[SOLVED] extract text from files

Frakk · 08-28-2010, 06:06 PM

Hi,

I have many files in a folder from which I need to extract some contents, these are basically text files wich have individual lines with (i.e)
name: john
address: whatever
phone: 123456

Some caveats

1. Sometimes a line might be missing.
name: johnn
phone: 123456

2. Lines are not in the same line-numbers across the files

I did try some things with awk based on google searches but I couldn't extract the data of each file into a single line (this is the ultimate goal):
john,whatever,123456

I don't have knowledge other than having put some bash scripts together for backup jobs, so I am open to install anything that could help to pull this off.

Any help will be greatly appreciated.
Regards.

xeleema · 08-28-2010, 06:24 PM

Greetingz!

Sounds like you might want to use "egrep". I would suggest first reading the man page for the command, however the following command may help;

egrep -i "name:|phone:|address:" /path/to/files/*

Each pattern you want to find is separated by the pipe ("|") symbol, and the entire set of patterns must be wrapped in the double-quote character.

Frakk · 08-28-2010, 06:35 PM

wow, that was a quick reply !!

It does extract the data, but every item is still dumped to a single line, and I need to combine/chain them into a one line per original file (actually csv file).

That is the part where I got stuck :S

TIA

xeleema · 08-28-2010, 06:49 PM

Ah!

Okay, well then I would pipe that output from the "egrep" command I mentioned earlier to awk (and maybe sort, too)

egrep -i "name:|phone:|address:" /path/to/files/* |\
awk 'NR == 1 { line = sq $0 sq } { line = line "," sq $0 sq } END { print line }'

Now, for some darn reason, this will repeat the first field twice.

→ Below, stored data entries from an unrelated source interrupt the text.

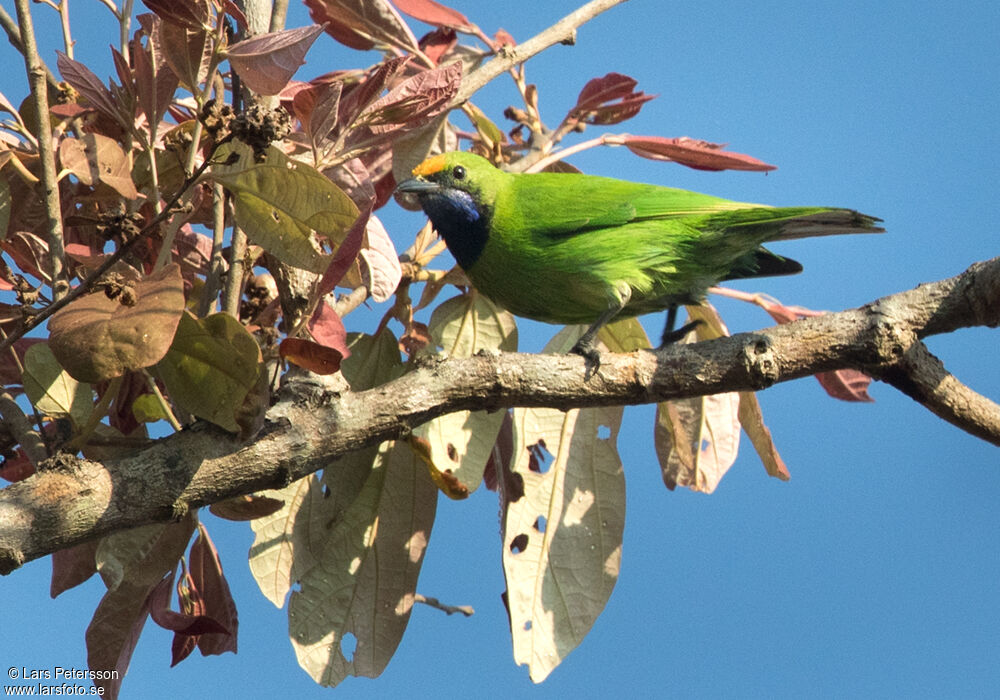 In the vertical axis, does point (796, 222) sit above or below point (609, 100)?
below

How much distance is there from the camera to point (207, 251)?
9.30 feet

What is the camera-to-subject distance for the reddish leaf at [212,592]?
2.84 m

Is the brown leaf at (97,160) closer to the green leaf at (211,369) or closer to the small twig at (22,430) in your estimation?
the green leaf at (211,369)

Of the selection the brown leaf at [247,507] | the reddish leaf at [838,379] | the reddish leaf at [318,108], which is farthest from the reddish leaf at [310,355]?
the reddish leaf at [838,379]

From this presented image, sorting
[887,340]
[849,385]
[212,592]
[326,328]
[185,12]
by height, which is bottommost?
[212,592]

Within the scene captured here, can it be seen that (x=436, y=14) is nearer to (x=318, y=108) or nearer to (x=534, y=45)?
(x=534, y=45)

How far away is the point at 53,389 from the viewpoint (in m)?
2.32

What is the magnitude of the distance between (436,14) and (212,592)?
2059 mm

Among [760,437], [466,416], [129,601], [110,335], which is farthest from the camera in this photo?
[760,437]

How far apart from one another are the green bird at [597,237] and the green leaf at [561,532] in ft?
1.30

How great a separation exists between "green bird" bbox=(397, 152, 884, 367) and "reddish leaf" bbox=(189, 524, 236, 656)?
3.99 ft

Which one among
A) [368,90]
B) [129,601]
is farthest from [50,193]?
[129,601]

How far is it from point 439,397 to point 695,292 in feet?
5.05

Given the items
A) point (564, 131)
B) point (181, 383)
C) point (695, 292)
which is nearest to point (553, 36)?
point (564, 131) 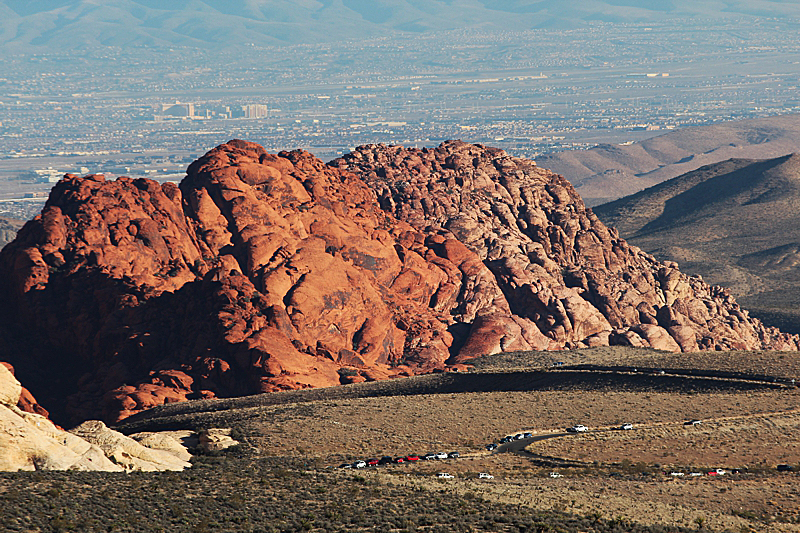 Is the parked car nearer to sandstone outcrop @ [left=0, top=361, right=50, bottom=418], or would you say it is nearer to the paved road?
the paved road

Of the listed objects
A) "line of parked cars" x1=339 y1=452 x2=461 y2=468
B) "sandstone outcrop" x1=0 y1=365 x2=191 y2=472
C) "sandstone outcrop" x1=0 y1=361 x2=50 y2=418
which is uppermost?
"sandstone outcrop" x1=0 y1=365 x2=191 y2=472

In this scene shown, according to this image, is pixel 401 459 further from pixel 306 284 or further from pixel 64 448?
pixel 306 284

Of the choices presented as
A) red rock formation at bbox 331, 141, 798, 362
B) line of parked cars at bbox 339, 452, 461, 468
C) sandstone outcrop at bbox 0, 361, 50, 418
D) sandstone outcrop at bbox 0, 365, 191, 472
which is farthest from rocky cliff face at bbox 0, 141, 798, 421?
line of parked cars at bbox 339, 452, 461, 468

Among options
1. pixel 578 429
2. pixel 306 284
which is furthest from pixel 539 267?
pixel 578 429

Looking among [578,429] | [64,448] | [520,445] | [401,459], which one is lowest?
[520,445]

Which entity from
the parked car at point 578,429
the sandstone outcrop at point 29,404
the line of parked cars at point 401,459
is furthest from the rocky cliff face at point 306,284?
the parked car at point 578,429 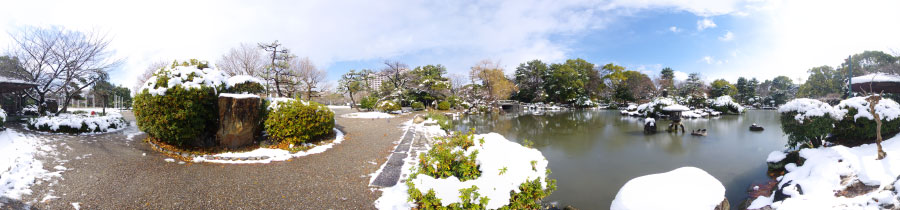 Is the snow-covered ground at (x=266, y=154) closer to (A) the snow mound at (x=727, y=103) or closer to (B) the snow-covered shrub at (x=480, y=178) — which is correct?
(B) the snow-covered shrub at (x=480, y=178)

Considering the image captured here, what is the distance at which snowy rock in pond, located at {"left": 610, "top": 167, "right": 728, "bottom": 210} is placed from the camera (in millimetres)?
3205

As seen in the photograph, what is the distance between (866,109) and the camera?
199 inches

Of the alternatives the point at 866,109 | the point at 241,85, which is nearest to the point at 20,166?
the point at 241,85

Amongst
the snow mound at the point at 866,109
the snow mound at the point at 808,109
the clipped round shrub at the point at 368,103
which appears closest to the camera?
the snow mound at the point at 866,109

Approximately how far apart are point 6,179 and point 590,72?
40.3m

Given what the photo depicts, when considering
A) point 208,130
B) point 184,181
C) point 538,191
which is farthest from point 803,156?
point 208,130

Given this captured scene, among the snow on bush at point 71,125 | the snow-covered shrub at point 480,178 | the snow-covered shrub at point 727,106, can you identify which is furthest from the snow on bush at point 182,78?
the snow-covered shrub at point 727,106

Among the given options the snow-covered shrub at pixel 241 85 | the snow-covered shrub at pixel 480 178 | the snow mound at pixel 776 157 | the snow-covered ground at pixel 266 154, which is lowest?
the snow mound at pixel 776 157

I have *no* idea why, so if anyone else chimes I'd really appreciate it.

crts · 08-28-2010, 06:49 PM

Hi,

Try this
sed -n ':mark /phone:/ ! {N;b mark}; /phone:/ {s/name:[ ]*//;s/phone:[ ]*/,/;s/address:[ ]*/,/;s/\n//g;p}' infile > outfile

This assumes that there is no 'junk' in between the records. If there is only one record per file then the command can can be simplified.

Hope this helps

Frakk · 08-28-2010, 07:48 PM

@crts

thnks for the suggestion, however, that code is giving me individual lines too and, more importantly, my source files do have garbage before the contents I really need and that is getting dumped too.

Quote:

Originally Posted by xeleema

egrep -i "name:|phone:|address:" /path/to/files/* |\
awk 'NR == 1 { line = sq $0 sq } { line = line "," sq $0 sq } END { print line }'

Not sure if I am doing something wrong, but for this data

Code:

nombre_apellido: John
direccion: TheStreet 123
ciudad: TheCity

I am getting these results (I matched the "fields" as my original example had dummy fields sorry)

Code:

,ciudad: TheCitytreet 123

Seems like everything is getting piled up. That is processing a single file, it gets worst when it goes through all of them.

TIA

crts · 08-28-2010, 08:05 PM

... and that is exactly why you should always give a representative example of your data. This was not obvious from your initial post. In fact, your description implied that there is nothing in between.

Code:

sed -n '/nombre_apellido:/ {:mark /ciudad:/ ! {N;b mark}; /ciudad:/ {s/nombre_apellido:[ ]*//;s/ciudad:[ ]*/,/;s/direccion:[ ]*/,/;s/\n//g;p};}' infile > outfile

If this still does not match then provide some representative sample data. I am not going to *guess* what your file might look like.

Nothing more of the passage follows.